•  
  •  
 

Keywords

removal power; executive power; presidential removal; Take Care Clause

Abstract

The contemporary debate over presidential power often assumes that removal is the primary tool through which a President exercises control over executive branch officers to fulfill the Constitutional duty to “take Care that the Laws be faithfully executed.” This must be so, the logic goes, because without this authority, “the President could not be held fully accountable for discharging his own responsibilities.” The power to remove, the U.S. Supreme Court has reasoned, also endows the President with the power to supervise. To be sure, other scholars and jurists have pointed out the ways that this fails to capture the range of disciplinary options available to the President. But the general view is that removal is key because otherwise “the buck would stop somewhere else.”

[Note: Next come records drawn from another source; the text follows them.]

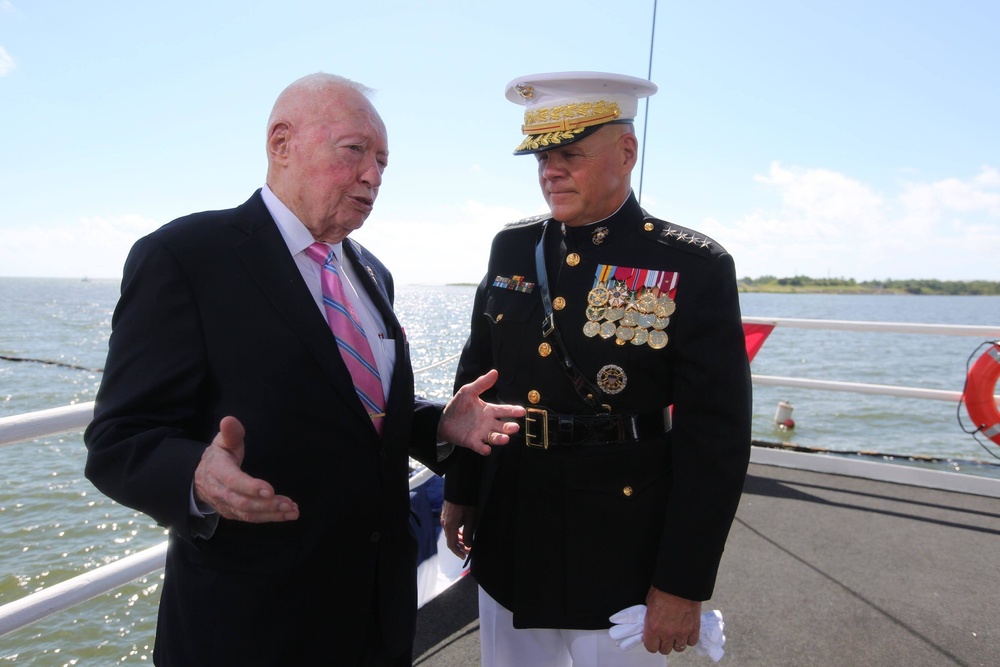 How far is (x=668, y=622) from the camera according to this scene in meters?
1.60

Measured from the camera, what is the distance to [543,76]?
1.80 meters

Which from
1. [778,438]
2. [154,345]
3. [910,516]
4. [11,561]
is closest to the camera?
[154,345]

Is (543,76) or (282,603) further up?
(543,76)

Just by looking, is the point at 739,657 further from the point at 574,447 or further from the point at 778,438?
the point at 778,438

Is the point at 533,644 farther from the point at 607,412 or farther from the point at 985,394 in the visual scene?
the point at 985,394

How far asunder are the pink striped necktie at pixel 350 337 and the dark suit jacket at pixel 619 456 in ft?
1.52

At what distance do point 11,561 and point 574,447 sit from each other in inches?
245

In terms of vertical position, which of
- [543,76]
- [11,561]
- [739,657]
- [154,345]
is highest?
[543,76]

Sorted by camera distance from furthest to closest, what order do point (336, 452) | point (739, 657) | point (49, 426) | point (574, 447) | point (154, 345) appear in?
point (739, 657), point (574, 447), point (49, 426), point (336, 452), point (154, 345)

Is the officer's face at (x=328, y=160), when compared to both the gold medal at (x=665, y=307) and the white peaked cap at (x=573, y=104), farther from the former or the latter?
the gold medal at (x=665, y=307)

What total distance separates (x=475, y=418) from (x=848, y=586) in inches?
88.0

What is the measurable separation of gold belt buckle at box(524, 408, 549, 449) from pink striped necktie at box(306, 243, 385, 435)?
431 mm

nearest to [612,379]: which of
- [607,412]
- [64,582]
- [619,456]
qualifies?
[607,412]

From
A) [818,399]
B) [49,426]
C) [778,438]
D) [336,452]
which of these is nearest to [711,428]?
[336,452] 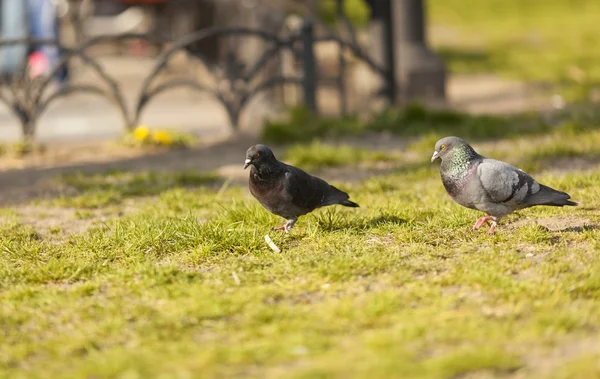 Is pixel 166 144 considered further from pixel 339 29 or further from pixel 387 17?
pixel 339 29

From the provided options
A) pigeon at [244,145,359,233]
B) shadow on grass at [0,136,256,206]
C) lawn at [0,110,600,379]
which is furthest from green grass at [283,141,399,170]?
pigeon at [244,145,359,233]

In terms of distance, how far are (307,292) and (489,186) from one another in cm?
136

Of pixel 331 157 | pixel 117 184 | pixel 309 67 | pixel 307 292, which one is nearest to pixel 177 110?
pixel 309 67

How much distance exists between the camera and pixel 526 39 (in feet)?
68.5

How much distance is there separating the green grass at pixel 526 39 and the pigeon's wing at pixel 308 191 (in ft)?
23.6

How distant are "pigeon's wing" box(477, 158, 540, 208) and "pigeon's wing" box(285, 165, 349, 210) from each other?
1.00 m

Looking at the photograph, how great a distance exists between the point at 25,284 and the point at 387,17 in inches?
323

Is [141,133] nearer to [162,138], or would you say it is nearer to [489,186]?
[162,138]

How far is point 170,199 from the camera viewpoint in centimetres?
740

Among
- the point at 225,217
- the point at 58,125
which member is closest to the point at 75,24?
the point at 58,125

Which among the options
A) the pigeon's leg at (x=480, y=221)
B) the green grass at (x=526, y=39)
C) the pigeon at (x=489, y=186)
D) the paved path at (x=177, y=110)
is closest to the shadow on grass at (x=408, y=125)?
the paved path at (x=177, y=110)

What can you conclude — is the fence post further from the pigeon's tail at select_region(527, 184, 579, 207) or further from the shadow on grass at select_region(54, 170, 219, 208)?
the pigeon's tail at select_region(527, 184, 579, 207)

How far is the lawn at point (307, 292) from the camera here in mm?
3832

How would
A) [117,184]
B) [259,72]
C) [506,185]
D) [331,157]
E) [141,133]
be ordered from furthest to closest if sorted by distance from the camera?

The three essays in this symposium issue dedicated to the founding era help us to see that this assumption is, in some ways, a failure of imagination. As a matter of constitutional text and historical practice, they argue, there were many ways in which officers could be held accountable for their actions in the absence of a presidential removal power, just as there were other ways in which Congress could assure that the law would be executed, with or without the cooperation of executive officials. Professor Gary Lawson argues for the potency of a presidential negative rooted in the Constitution, a power that he sees as both more supple and more textually grounded than a constitutional removal power, which he does not believe exists. Professor Christine Kexel Chabot, focusing on the powers that the First Congress actually delegated to the President by statute, argues that—whatever one thinks of the constitutionality of presidential removal—the historical record indicates that the First Congress granted President George Washington the power to approve the actions of subordinates only in cases in which he would otherwise be unable to roll back any decisions, often involving expenditures, with which he disagreed. Professor Chabot offers this historical record to suggest that the founding era Congress envisioned a presidential supervisory power that would be used far less often and far more precisely than would be possible with the blunt tool of removal. Finally, Professor James E. Pfander, by demonstrating the widespread acceptance of private informer suits in the early republic, reveals not only how far current, narrow conceptions of standing stray from this original understanding, but also how, in practice, the prosecution of state and federal crimes—an act that we today consider a “quintessentially executive function”—was frequently left to individual private citizens to pursue.